Aan de orde is daarom slechts de vraag of de beslissing waartegen beklag is ingediend in strijd is met een wettelijk voorschrift dan wel zodanig onredelijk of onbillijk is dat er een spoedeisend belang is om thans over te gaan tot schorsing van de
(verdere) tenuitvoerlegging van die beslissing. Naar het oordeel van de voorzitter is dat niet het geval.

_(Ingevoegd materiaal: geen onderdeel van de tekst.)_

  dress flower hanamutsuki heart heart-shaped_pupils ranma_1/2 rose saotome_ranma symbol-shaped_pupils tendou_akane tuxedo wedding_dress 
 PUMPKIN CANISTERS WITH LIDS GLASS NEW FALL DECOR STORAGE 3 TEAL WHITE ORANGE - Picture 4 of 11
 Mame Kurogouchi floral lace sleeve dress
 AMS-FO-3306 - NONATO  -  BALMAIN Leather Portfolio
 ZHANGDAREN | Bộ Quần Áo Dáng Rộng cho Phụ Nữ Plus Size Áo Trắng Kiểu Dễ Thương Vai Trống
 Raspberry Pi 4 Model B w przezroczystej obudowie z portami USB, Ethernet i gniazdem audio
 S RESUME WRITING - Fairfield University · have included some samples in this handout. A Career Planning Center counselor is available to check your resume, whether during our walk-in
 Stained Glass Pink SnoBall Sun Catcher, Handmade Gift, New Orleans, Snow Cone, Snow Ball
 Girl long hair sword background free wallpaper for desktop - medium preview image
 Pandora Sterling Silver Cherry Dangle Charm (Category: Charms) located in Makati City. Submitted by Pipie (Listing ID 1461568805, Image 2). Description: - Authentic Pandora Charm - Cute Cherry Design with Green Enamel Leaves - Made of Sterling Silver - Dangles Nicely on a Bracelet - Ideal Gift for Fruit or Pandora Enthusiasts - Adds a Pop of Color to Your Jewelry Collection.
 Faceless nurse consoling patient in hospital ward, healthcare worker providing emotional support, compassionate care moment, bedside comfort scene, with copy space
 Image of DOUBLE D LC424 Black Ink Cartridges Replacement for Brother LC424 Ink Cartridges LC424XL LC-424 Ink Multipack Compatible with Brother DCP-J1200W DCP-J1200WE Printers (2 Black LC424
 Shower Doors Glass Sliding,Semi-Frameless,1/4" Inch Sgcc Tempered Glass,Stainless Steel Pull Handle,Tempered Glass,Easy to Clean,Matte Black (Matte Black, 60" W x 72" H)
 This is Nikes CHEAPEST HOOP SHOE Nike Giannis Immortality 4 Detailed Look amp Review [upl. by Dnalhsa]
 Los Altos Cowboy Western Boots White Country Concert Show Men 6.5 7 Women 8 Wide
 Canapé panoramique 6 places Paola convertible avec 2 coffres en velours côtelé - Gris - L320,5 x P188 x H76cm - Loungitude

Door de directeur is aan verzoeker een aantal toezichtmaatregelen opgelegd voor de duur van drie maanden, ingaande op 21 juni 2012. Deze beslissing is gebaseerd op het feit dat verzoeker met het profiel ‘verhoogd’ staat vermeld op de GVM-lijst. De
directeur dient, alvorens over te gaan tot het opleggen van de bedoelde toezichtmaatregelen, een belangenafweging te maken waaruit de noodzaak van de op te leggen maatregelen blijkt. De enkele verwijzing naar verzoekers plaats op de GVM-lijst is
daarvoor onvoldoende. Nu echter in het voorliggende geval de plaatsing op de GVM-lijst dateert van zeer recente datum (18 juni 2012) en de directeur voorts heeft aangegeven binnen een relatief korte termijn de noodzakelijkheid van de maatregelen
opnieuw
te bezien, zijn er naar het voorlopig oordeel van de voorzitter op dit moment geen termen aanwezig voor toewijzing van het verzoek.

2. De uitspraak
De voorzitter wijst het verzoek af.

Aldus gedaan door mr. R.W. van Zuijlen, voorzitter, in tegenwoordigheid van B.A. Bogaars, secretaris, op 2 juli 2012.